Уманский твердо выдержал немигающий взгляд Козырева:
— Вот что, товарищ командир. Приказывать вам я права не имею. Но согласиться в отношении вашего урывания пайка — не могу. Не могу допустить, чтоб вы довели себя до дистрофии. Буду вынужден доложить в политотделе.
— А я не допущу вмешательства в мои личные дела, — сказал Козырев. — Так и доложите.
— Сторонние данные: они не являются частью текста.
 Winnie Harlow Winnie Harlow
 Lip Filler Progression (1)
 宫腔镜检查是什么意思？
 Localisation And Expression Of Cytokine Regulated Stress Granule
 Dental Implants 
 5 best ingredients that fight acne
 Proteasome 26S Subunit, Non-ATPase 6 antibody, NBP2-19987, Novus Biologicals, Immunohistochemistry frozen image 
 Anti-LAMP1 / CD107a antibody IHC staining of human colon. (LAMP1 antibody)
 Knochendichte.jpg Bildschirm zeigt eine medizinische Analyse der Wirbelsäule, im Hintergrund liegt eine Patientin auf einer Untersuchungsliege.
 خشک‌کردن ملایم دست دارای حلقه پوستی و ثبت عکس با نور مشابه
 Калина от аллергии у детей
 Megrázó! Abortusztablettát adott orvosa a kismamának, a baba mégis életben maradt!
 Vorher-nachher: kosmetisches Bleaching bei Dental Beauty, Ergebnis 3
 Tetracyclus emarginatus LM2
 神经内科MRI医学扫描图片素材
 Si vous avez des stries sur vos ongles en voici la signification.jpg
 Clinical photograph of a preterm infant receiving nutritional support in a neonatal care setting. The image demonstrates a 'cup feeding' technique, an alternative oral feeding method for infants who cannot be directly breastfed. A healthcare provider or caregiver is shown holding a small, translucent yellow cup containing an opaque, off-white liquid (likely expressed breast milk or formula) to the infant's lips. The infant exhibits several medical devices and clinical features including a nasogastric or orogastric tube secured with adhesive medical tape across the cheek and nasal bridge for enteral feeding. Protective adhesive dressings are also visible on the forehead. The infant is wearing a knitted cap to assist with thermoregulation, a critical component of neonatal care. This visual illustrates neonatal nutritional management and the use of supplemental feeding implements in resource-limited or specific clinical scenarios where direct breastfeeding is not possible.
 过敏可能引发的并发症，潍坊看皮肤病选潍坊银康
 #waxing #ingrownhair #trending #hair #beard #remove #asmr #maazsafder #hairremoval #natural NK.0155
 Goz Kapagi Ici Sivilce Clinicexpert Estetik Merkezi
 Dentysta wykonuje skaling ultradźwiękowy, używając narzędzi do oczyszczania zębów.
Весь ноябрь и декабрь Речкалов со своей бригадой работал на «Марате». Огромное тело линкора нужно было загерметизировать там, где немецкие бомбы разрушили носовую часть. С помощью маратовцев Речкалов и его рабочие резали рваный металл, сваривали, бетонировали. Одних только бетонных переборок поставили свыше полусотни. В ледяном холоде междудонных отсеков железо обжигало Речкалову руки. Два рабочих дня он варил переборку, повиснув вниз головой в тесной шахте. Что-то у него после этого висения случилось с глазами — плавали белесые пятна, мешая смотреть, — но потом прошло.
Все проходит, прошло и это: отгородили уцелевшее тело линкора от сентябрьской беды. Откачали из отсеков воду. Не больно красив обрубок, но зато не потонет теперь. Третья и четвертая башни целехоньки, вон как дали фрицу прикурить на льду под Петергофом в ту ноябрьскую ночь. А вторую башню взялись восстанавливать мастера по артсистемам. Верхнюю палубу «Марата» застилают гранитными плитами, снятыми со стенки Усть-Рогатки. И будет теперь не линкор, бороздящий, как говорится, моря, а плавучий форт. Так-то.